For those who don’t know, let’s be clear: It is hard to report the crime of groping to police. You know why? Because many victims of groping may internalize the crime as petty and not as big a deal as other physical assaults. Another reason why? Well, because there is a theme in our communities of how police react to these crimes: “If you don’t know what he looked like, then we don’t know if we can move forward.” In comes Liz.
Liz reported the crime to MPD. She gave a description, location, time. She called the police immediately. It was a moment of strength, determination, and “damn, we shouldn’t be dealing with this crap” that moved Liz. To be fair, it really got the conversation going again. We, DC Metro residents, shouldn’t tolerate street harassment, particularly that type of harassment which is an affront to our physical space. Your hand should not touch my ass. Nor should your hand, because your brain decided it, attempt to go up my skirt.
It appears many women reported assaults by the same suspect. And, it appears, that the police took these cases seriously. Applause. They combed through surveillance footage, did stake outs, and interviewed witnesses. Check, check and check. And, then they caught the alleged perpetrator, showed him the video, and he admitted his guilt to the crimes that were caught on camera. He also stated that he did it to several other women. Now we drop the “alleged.”
He was charged with misdemeanor sexual abuse and released to a halfway house. Keep in mind, a misdemeanor sentence is light.
Before we start getting rattled on this, let’s applaud MPD for their efforts in nabbing this guy. It may not sound like we should. But, we should. We hope they continue pulling out all the stops in all areas of DC, for all victims of sex crimes, for whenever these sex crimes take place– day or night. Seriously, awesome! Keep it up!
And, let’s take a moment to realize how messed up the criminal justice system is. It’s a complicated affair to be happy on a global level when a man of color admits guilt to misdemeanor sexual abuse. We understand that street harassment—sexual violence—is complex. Someone somewhere said that this behavior, sexually violating a person’s body without their consent, is fine. It’s okay. It’s what everyone does. We are up against a lot to change the way we teach, talk, and love one another.
But, what we can’t expect is the futility of reporting a sex crime. Here is the statute:
Whoever engages in a sexual act or sexual contact with another person and who should have knowledge or reason to know that the act was committed without that other person’s permission, shall be imprisoned for not more than 180 days and, in addition, may be fined in an amount not to exceed $1,000.
If the point is a slap on the wrist, will it matter? Does it move the ball forward if a perpetrator who grabs a woman’s breasts does not get in serious trouble? Do these laws actually stop a potential perpetrator from violating a woman’s body? With laws reflecting our moral standards, are we okay with this?

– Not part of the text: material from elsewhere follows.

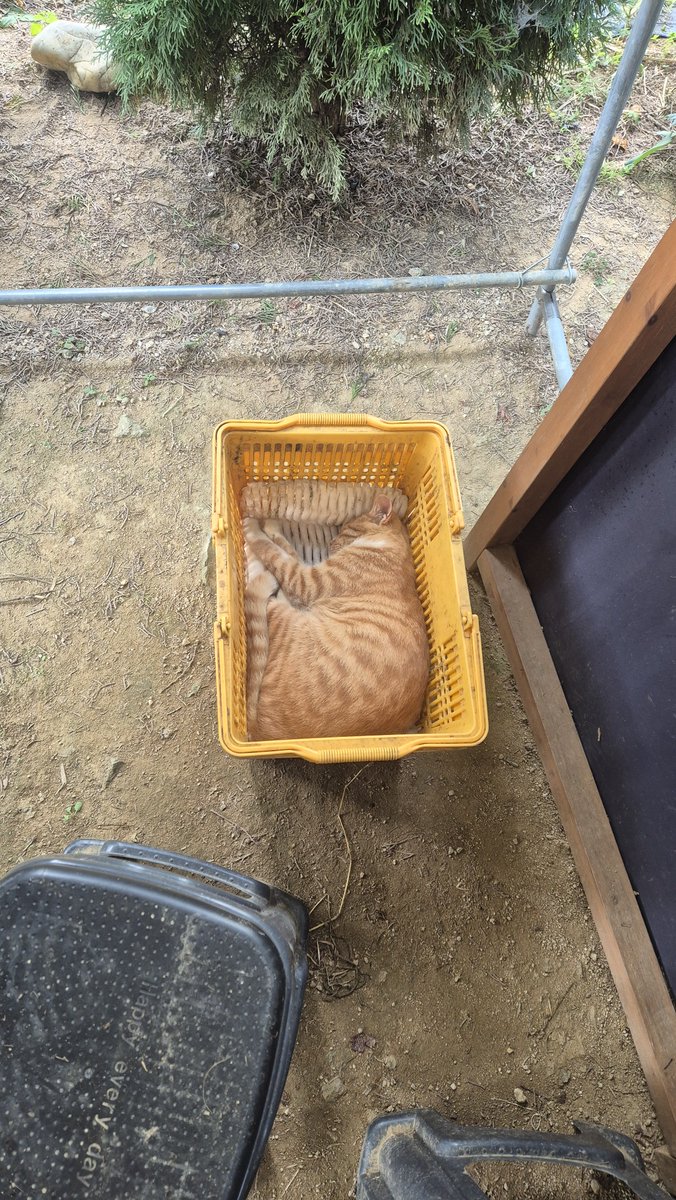 ibharu0711's tweet photo. 혈중고양이농도높이고가세요😼 https://t.co/jr79t10ujk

Collective Action for Safe Spaces is not pro-criminalization. We are pro-ending street harassment. This comes in many different forms—from community education and forums to potential jail time. From restorative justice mechanisms to tougher sentencing options for those who admit to sexual assault. We are pro-survivor. Sometimes the target of street harassment wants to report to police, sometimes he or she does not. We are pro-community. We take our community where it is — potential perpetrators, potential victims, and everyone on the edges and in between.
You’ve heard our opinion. Now, you tell us yours. Do you want the sentencing of misdemeanor sexual abuse to be stronger?